__Action item__
Repeat exactly the lines of the records below, starting at the line containing "Фото для новини" and ending at the line containing "Zoncolor Bottle Resin". Leave the pictures out.

__Available data__
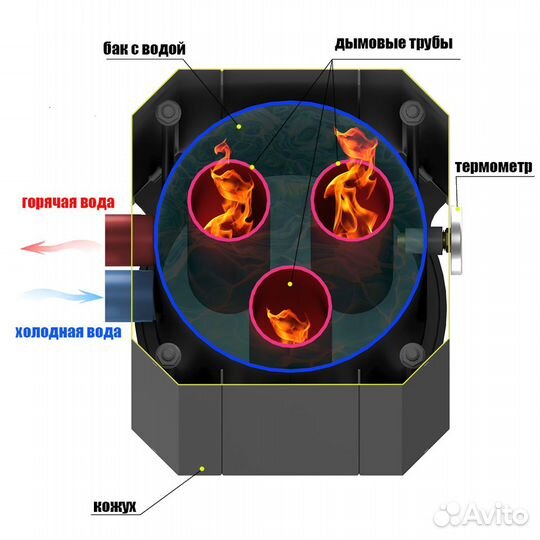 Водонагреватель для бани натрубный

...

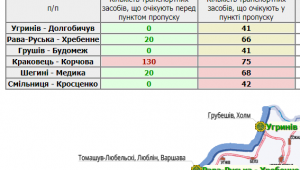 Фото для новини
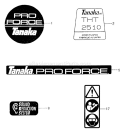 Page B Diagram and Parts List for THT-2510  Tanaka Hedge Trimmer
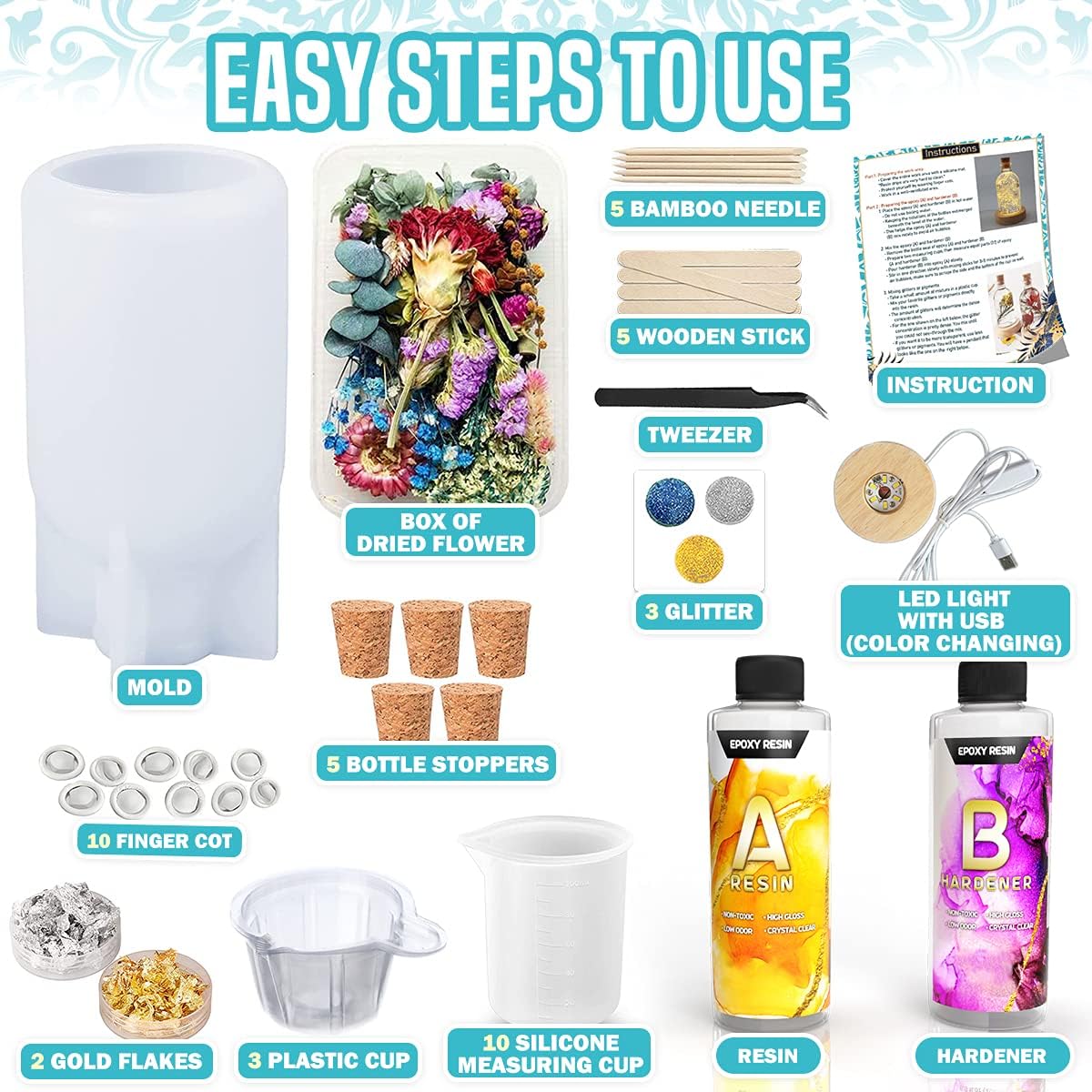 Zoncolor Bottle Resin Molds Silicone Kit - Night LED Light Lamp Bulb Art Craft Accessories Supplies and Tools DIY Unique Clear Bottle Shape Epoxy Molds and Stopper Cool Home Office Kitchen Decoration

__Problem solution__
 Фото для новини
 Page B Diagram and Parts List for THT-2510  Tanaka Hedge Trimmer
 Zoncolor Bottle Resin Molds Silicone Kit - Night LED Light Lamp Bulb Art Craft Accessories Supplies and Tools DIY Unique Clear Bottle Shape Epoxy Molds and Stopper Cool Home Office Kitchen Decoration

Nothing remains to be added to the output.